Source records.
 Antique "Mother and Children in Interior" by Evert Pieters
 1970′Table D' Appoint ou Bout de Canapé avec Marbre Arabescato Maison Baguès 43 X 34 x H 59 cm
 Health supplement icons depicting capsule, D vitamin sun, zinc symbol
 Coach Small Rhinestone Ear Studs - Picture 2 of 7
---
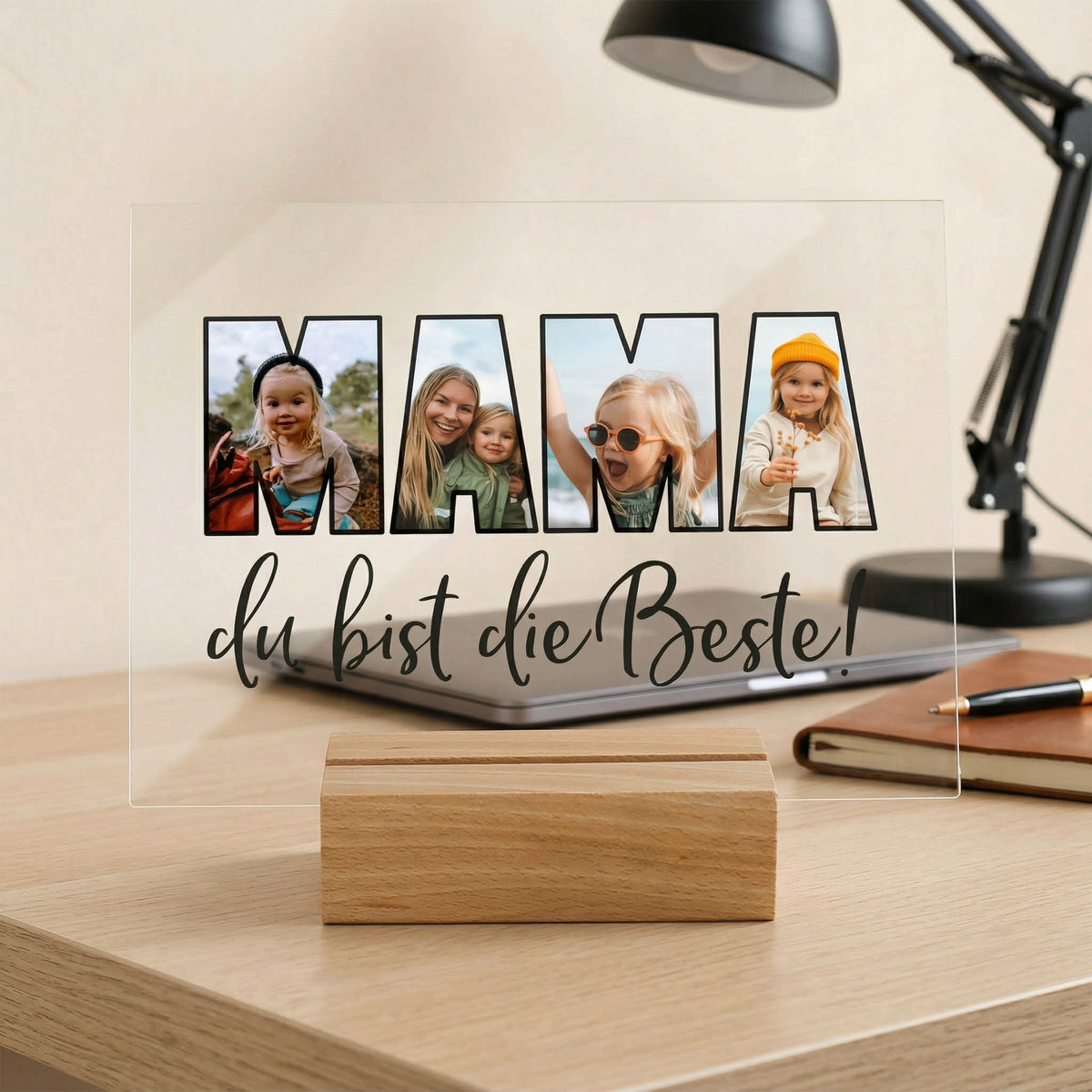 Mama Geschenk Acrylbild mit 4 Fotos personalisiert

Action item. Reproduce verbatim the lines above, from the line with "by Evert Pieters" through the line with "Coach Small Rhinestone".

Exercise result.
 Antique "Mother and Children in Interior" by Evert Pieters
 1970′Table D' Appoint ou Bout de Canapé avec Marbre Arabescato Maison Baguès 43 X 34 x H 59 cm
 Health supplement icons depicting capsule, D vitamin sun, zinc symbol
 Coach Small Rhinestone Ear Studs - Picture 2 of 7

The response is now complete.